One of them is Martha Guise, the principal of Century High School in Hillsboro, who allows that “the grass is always greener” on the other side of the Columbia River, which separates the two states.
Hillsboro is a fast-growing suburb of Portland. Century High School counts the children of Intel employees among its students. But funding is unstable and there are frequent waves of cuts. The average class size at Century High is 34.
Oregon’s education system is ranked bottom 10 in the nation, worse than Washington, which is in the lower middle. Funding is a factor, and so is who pays.
In Washington the constitution says the state is supposed to pay in full for education – it’s the state’s first duty. But the Supreme Court says the state is not fulfilling its obligations, and a showdown is brewing.
In Oregon, the constitution doesn't say that. Until the 1990s, local property taxes paid for education. Then voters put a cap on property tax increases and the burden began to shift toward the state.
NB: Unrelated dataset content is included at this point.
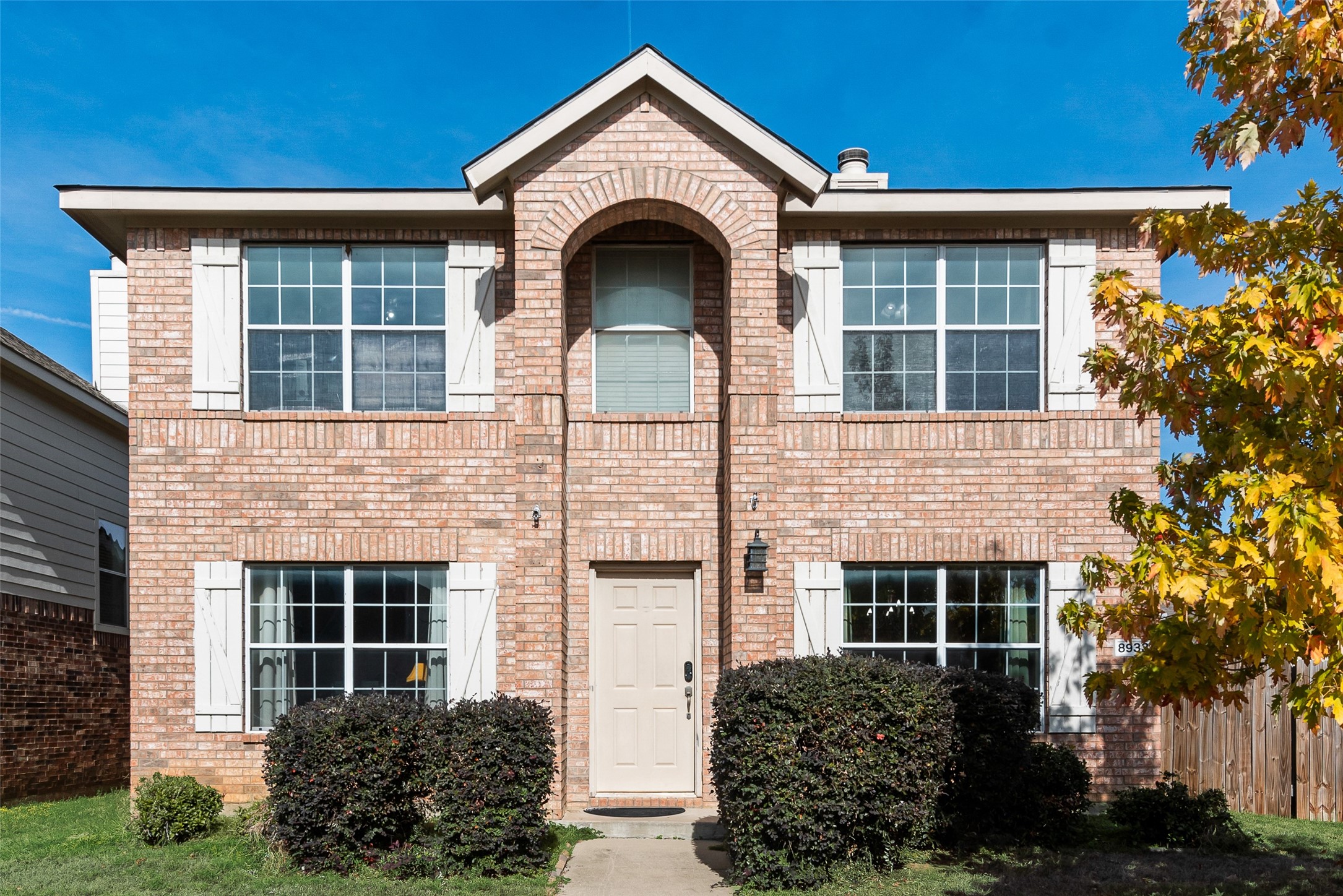 8933 Tucker Street Cross Roads TX 76227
So the state contributes more funding but must squeeze education in among its other functions.
Principal Martha Guise observed that Oregon's Supreme Court hasn't ordered anyone to solve the underfunding of education.
“It’s a funny feeling to have, because you (in Washington) … have a Supreme Court that said, ‘Hey you have to do this.’ And that presents its own challenges. But I think we look at that with a little bit of envy.”